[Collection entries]
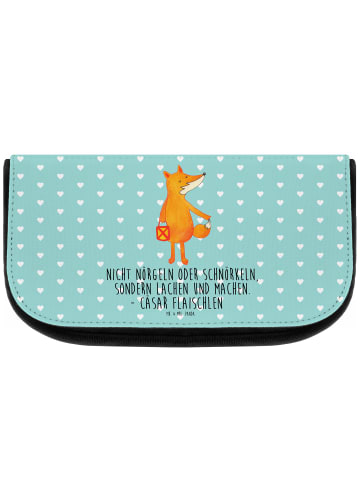 Mr. & Mrs. Panda Waschbeutel Fuchs Laterne mit Spruch in Türkis Pastell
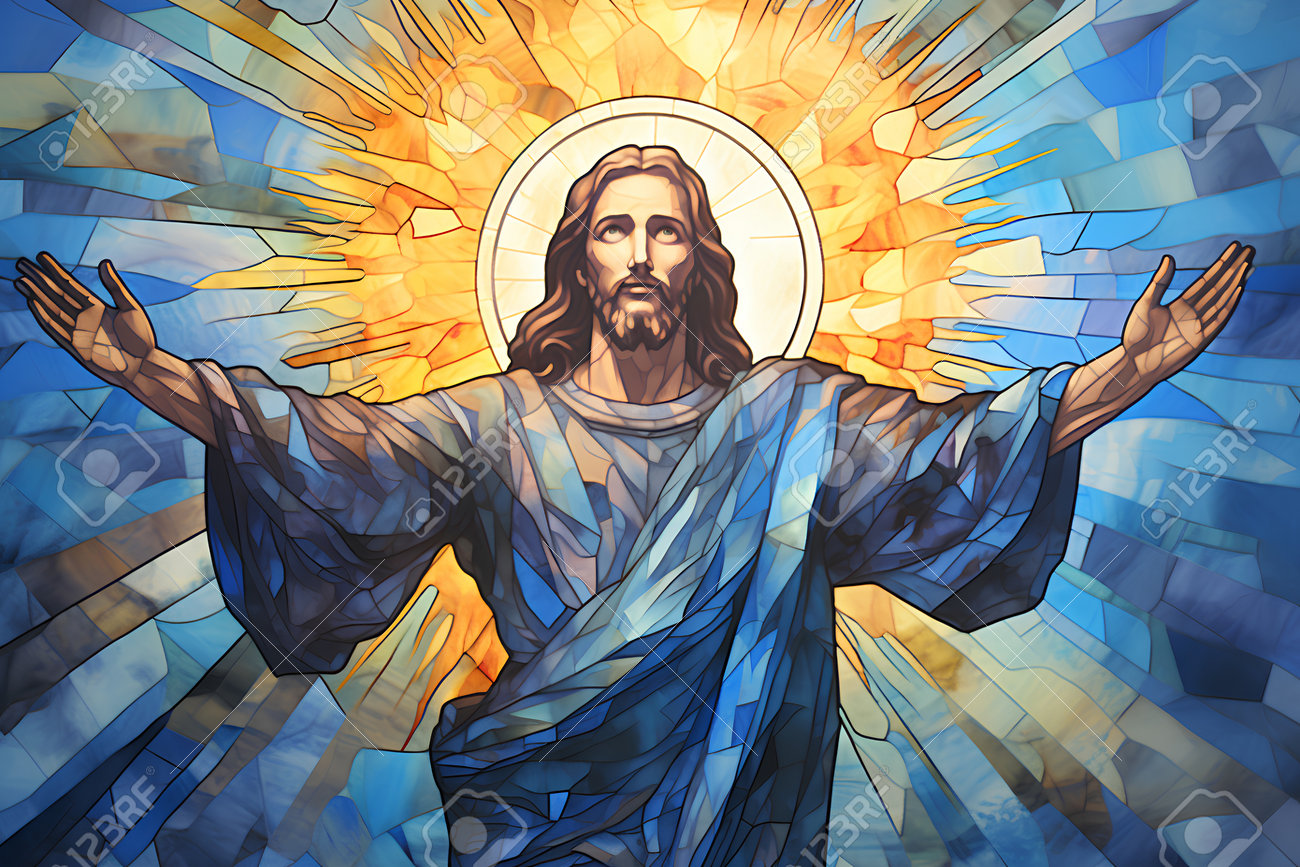 太陽の光のベクターイラストで十字架上のイエス・キリストの写真素材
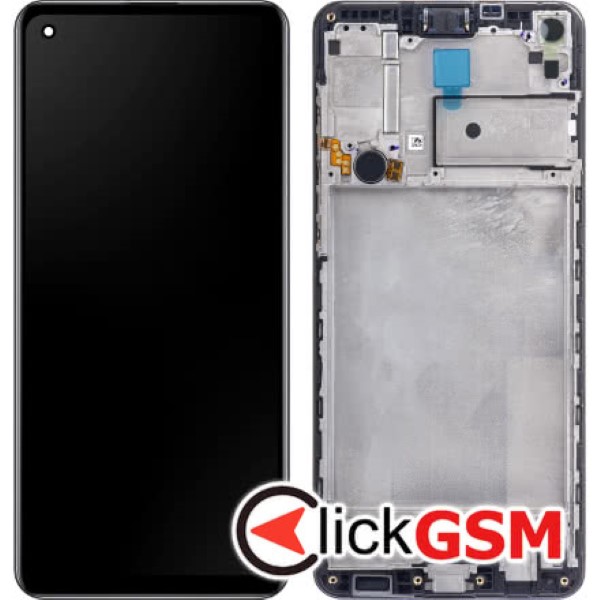 Piesa Display Original Cu Touchscreen Si Rama Negru Samsung Galaxy A21s Eee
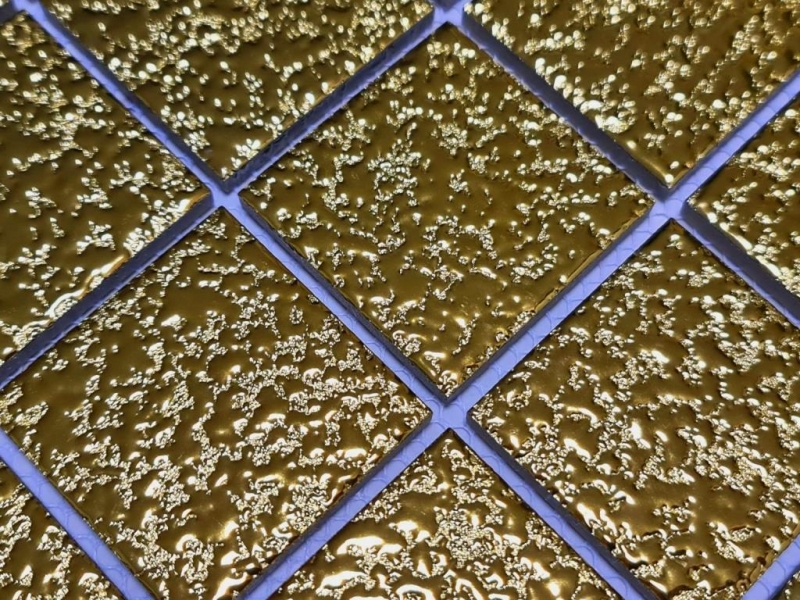 Ceramic mosaic tile Medio uni gold hammered bathroom kitchen wall MOS16-0707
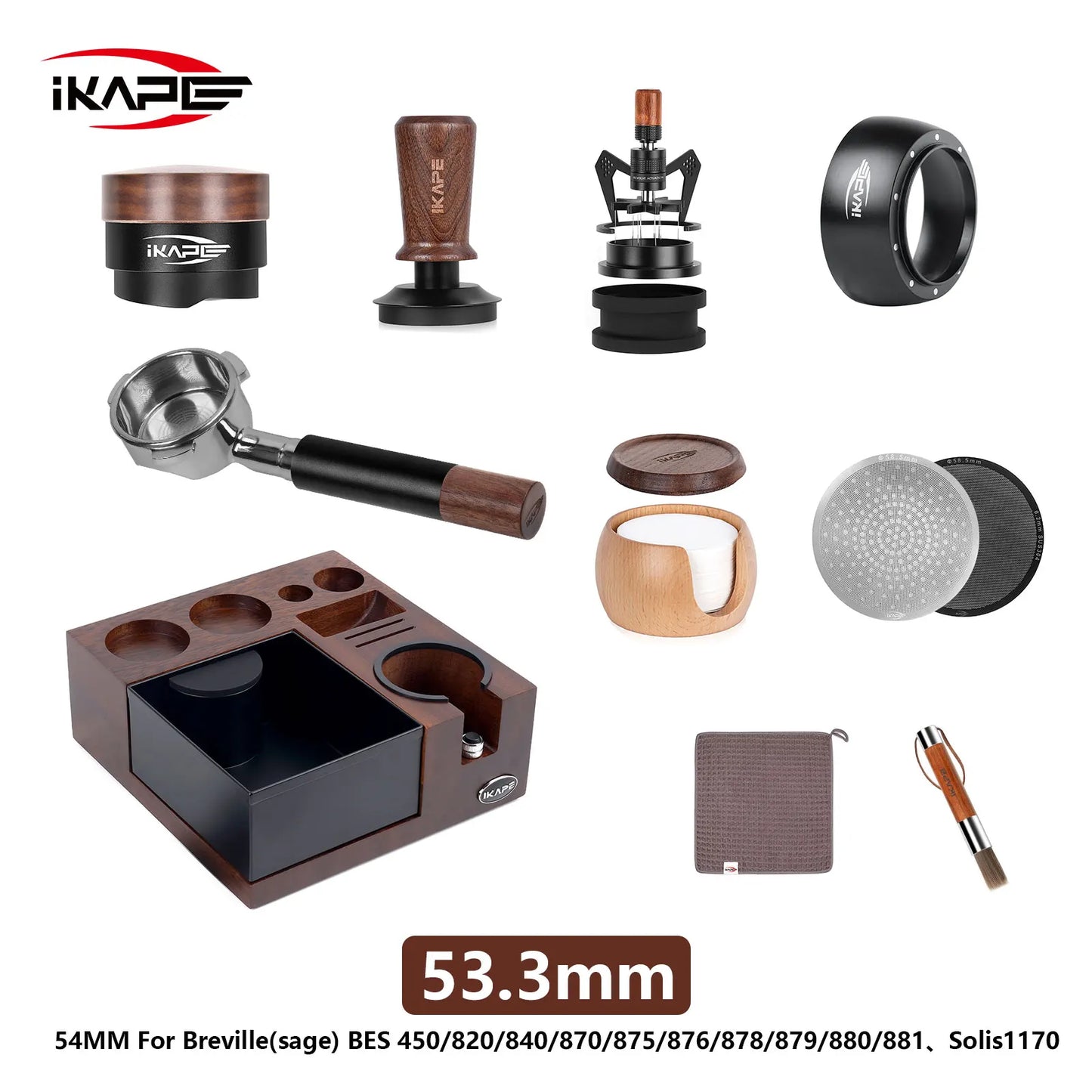 IKAPE Espresso products Wooden set, Coffee Tool Set with V5 Know Box, Coffee Utensils Gift Set for Baristas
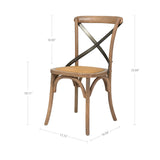 2. "Sundried Cross Back Chair with Rattan Seat: Stylish and Eco-Friendly Seating Option"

**Task statement:** Every line above should be output exactly, except for the pictures.

**Result of this task:**
 Mr. & Mrs. Panda Waschbeutel Fuchs Laterne mit Spruch in Türkis Pastell
 太陽の光のベクターイラストで十字架上のイエス・キリストの写真素材
 Piesa Display Original Cu Touchscreen Si Rama Negru Samsung Galaxy A21s Eee
 Ceramic mosaic tile Medio uni gold hammered bathroom kitchen wall MOS16-0707
 IKAPE Espresso products Wooden set, Coffee Tool Set with V5 Know Box, Coffee Utensils Gift Set for Baristas
 2. "Sundried Cross Back Chair with Rattan Seat: Stylish and Eco-Friendly Seating Option"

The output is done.